Starting in high school I was drawn to leadership and joined the student association. I almost didn’t join, however, because I talked myself out of running for office before I submitted my name.
My grandpa asked why I wasn’t going to run. I shared with him that I wasn’t popular and outgoing, which meant no one would vote for me, so I was saving myself the hassle and heartache.
He donned his serious pastoral face and told me what turned out to be highly useful leadership advice.
“Now Buddy,” he began, using my nickname, “you won’t know unless you try.”
But he didn’t stop there. The next part has stuck with me through the years.
“Leaders don’t make decisions for others. Leaders also don’t let their assumptions get in the way of doing their best and following their dreams.”
He continued, “If you don’t run, you’re guaranteed not to get the position, but if you run and let others make their own decisions, then your dream is 100% more likely to come to pass.”

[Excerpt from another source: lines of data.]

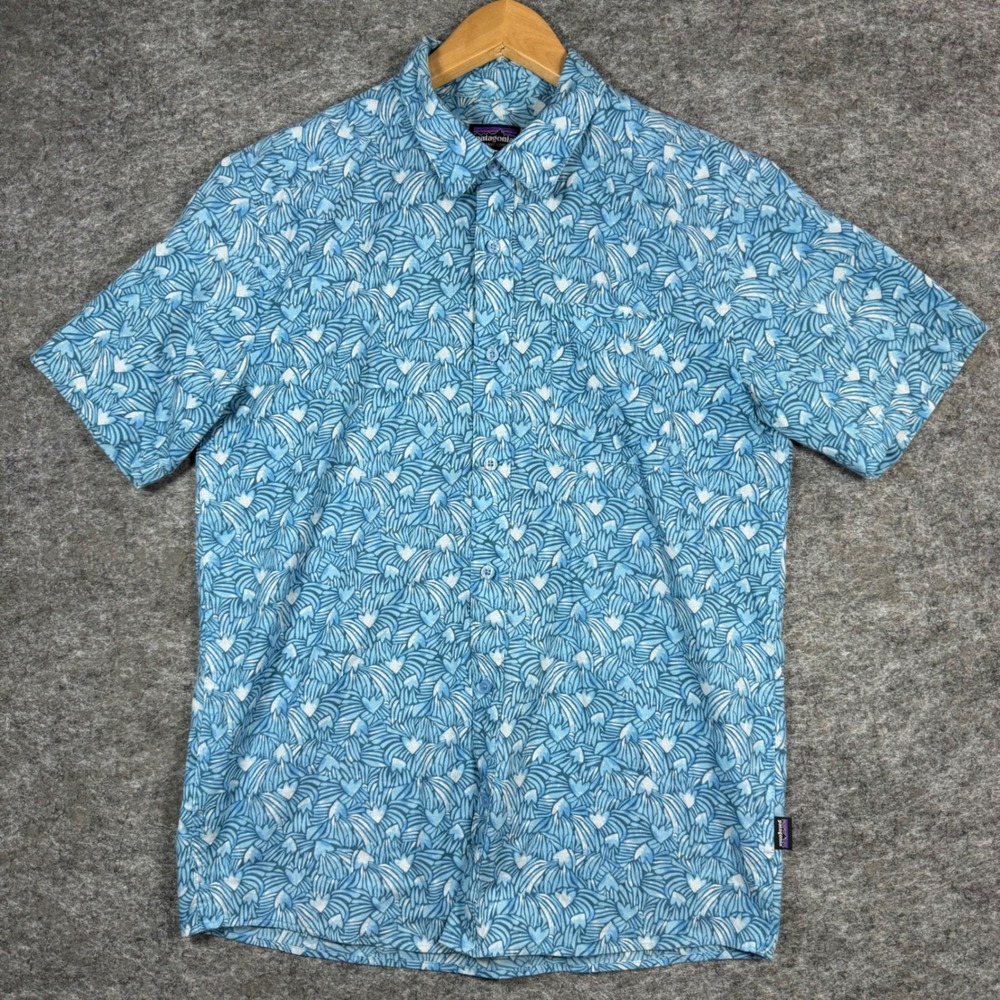 Patagonia Go-To-Shirt Mens M Blue Floral AOP Organic Cotton SS Travel Resort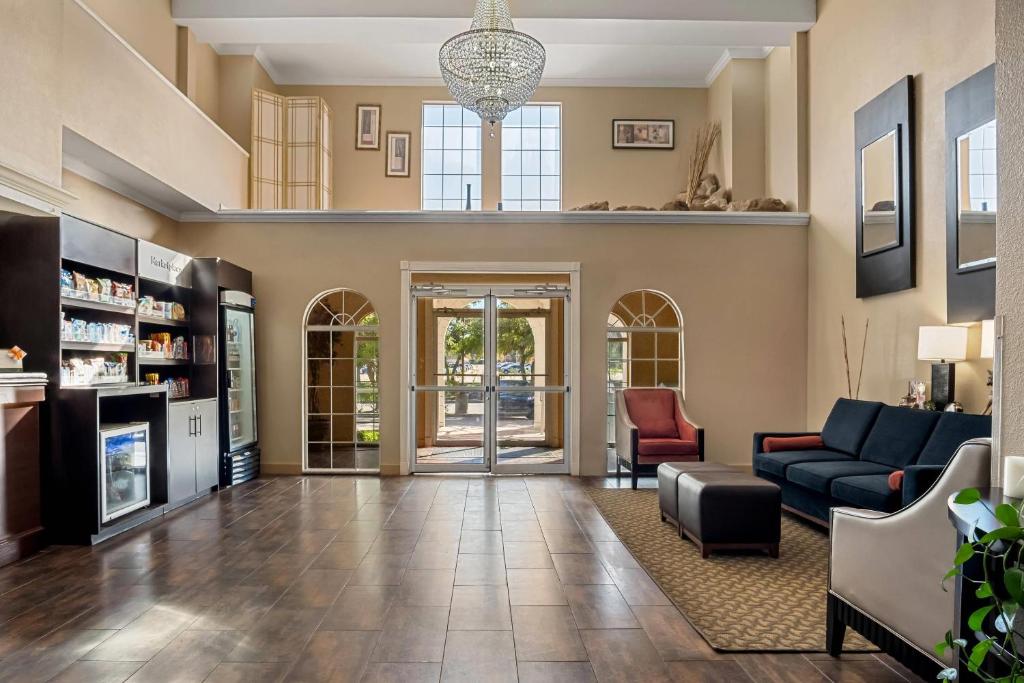Quality Suites Irving-Las Colinas photo 4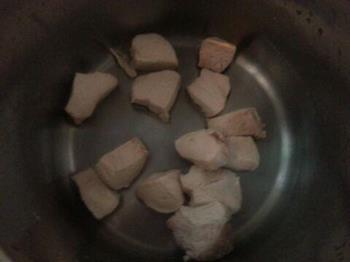 胡萝卜玉米瘦肉汤怎么做，胡萝卜玉米瘦肉汤怎么做好吃，胡萝卜玉米瘦肉汤做法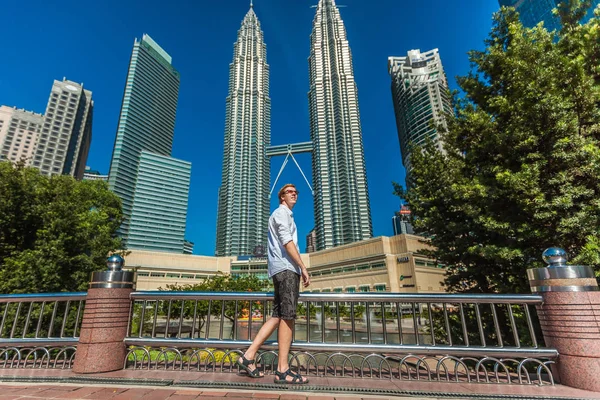 Kuala Lumpur, Malaysia - 23 січня 2019: Man Tourist on the b — стокове фото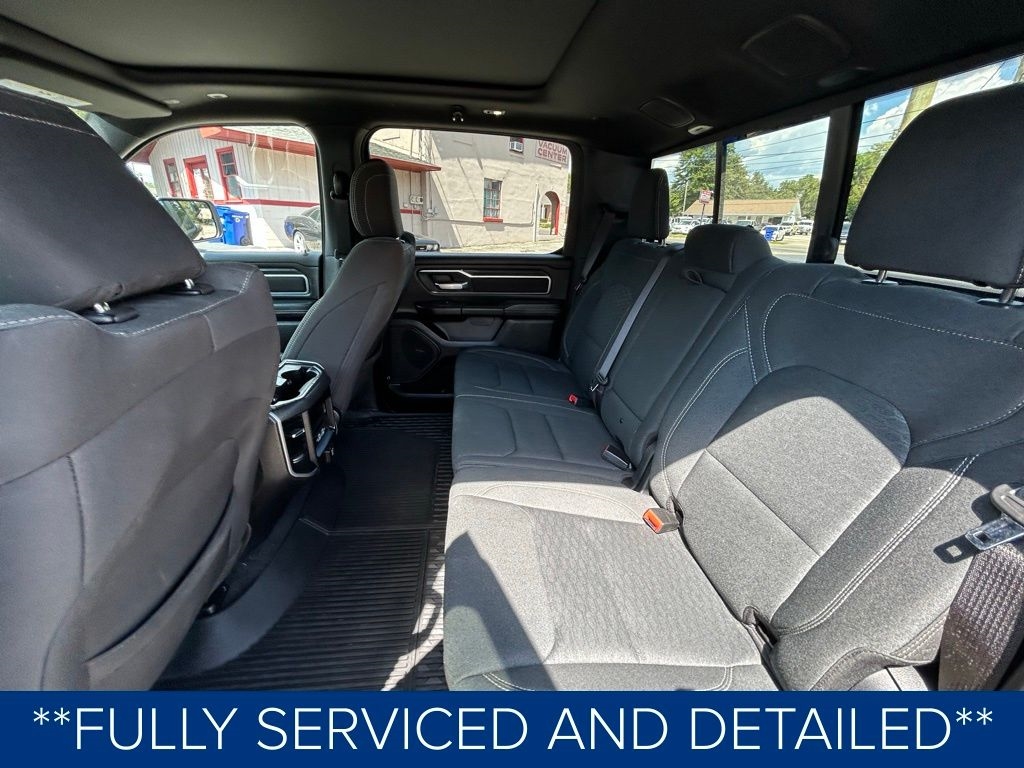 RAM 1500 Big Horn Crew Cab SWB 4WD 2025 RAM 1500 Big Horn Crew Cab SWB 4WD 2025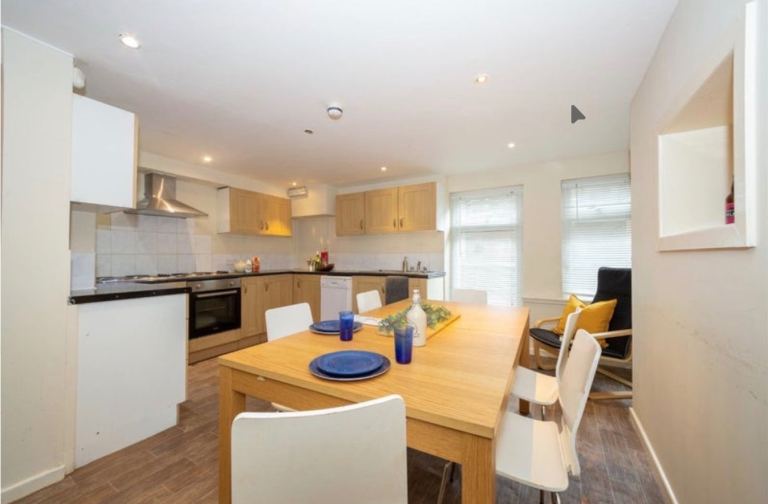 Bills Included single bedroom fully furnished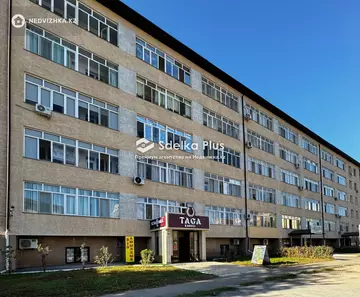 1-комнатная квартира, этаж 4 из 5, 46 м²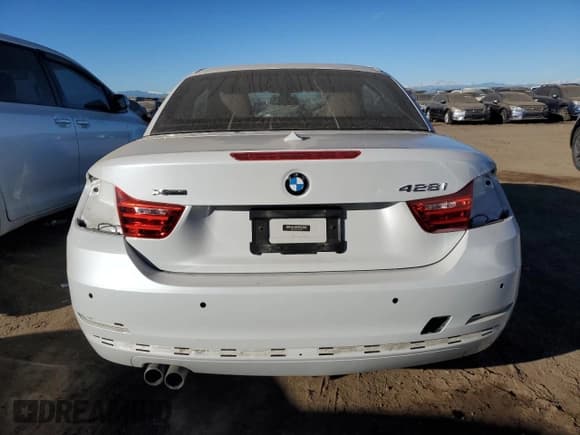 ✅ 2015 BMW 4 Series 428i xDrive • VIN: WBA3V9C55F5A78621 • Lot: 83159644. Wystawiony na Copart z przebiegiem 39 735 mil. Bezpłatny archiwum sprzedaży aukcyjnych z USA i szczegółowy raport historii pojazdu na DreamBid. Zdjęcie 6.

I slipped into the student association office the next day. It turns out no one wanted to run for treasurer. Perfect! Instead of a popularity contest, it was a person vs. no person contest.
An introvert like me was much more likely to win that type of vote. So I submitted my name.
Thankfully, I didn’t feel the sting of defeat to a “no” checkbox and was voted as student association treasurer.
I discovered two things while on the student association that year: (1) I disliked being treasurer and (2) being extroverted and popular didn’t necessarily make a good leader.
In fact, the best and most dependable leaders on the student association tended to be the less popular, more introverted people.
Those that didn’t waiver over what others thought.
Those who could work on their own and also in groups.
Those who talked less and listened more.
Those who focused on the merit of the idea rather than the person who presented the idea.
Popularity tends to belong to those who are extroverted and outgoing. This is true in high school, but it can also extend to the work place. (I recognize this is a blatant blanket statement that applied to my high school experience and does not necessarily reflect everyday reality.)
The same is true in the work place as in high school: popularity does not make for the best leaders.
The best leaders are self-aware, relationally transparent, balanced in their decision-making, and possess an internal moral perspective that drives all they do.
In short, the best leaders don’t have a specific personality.
The best leaders are authentic to the personality they own and seek to improve it daily for the betterment of themselves and those around them.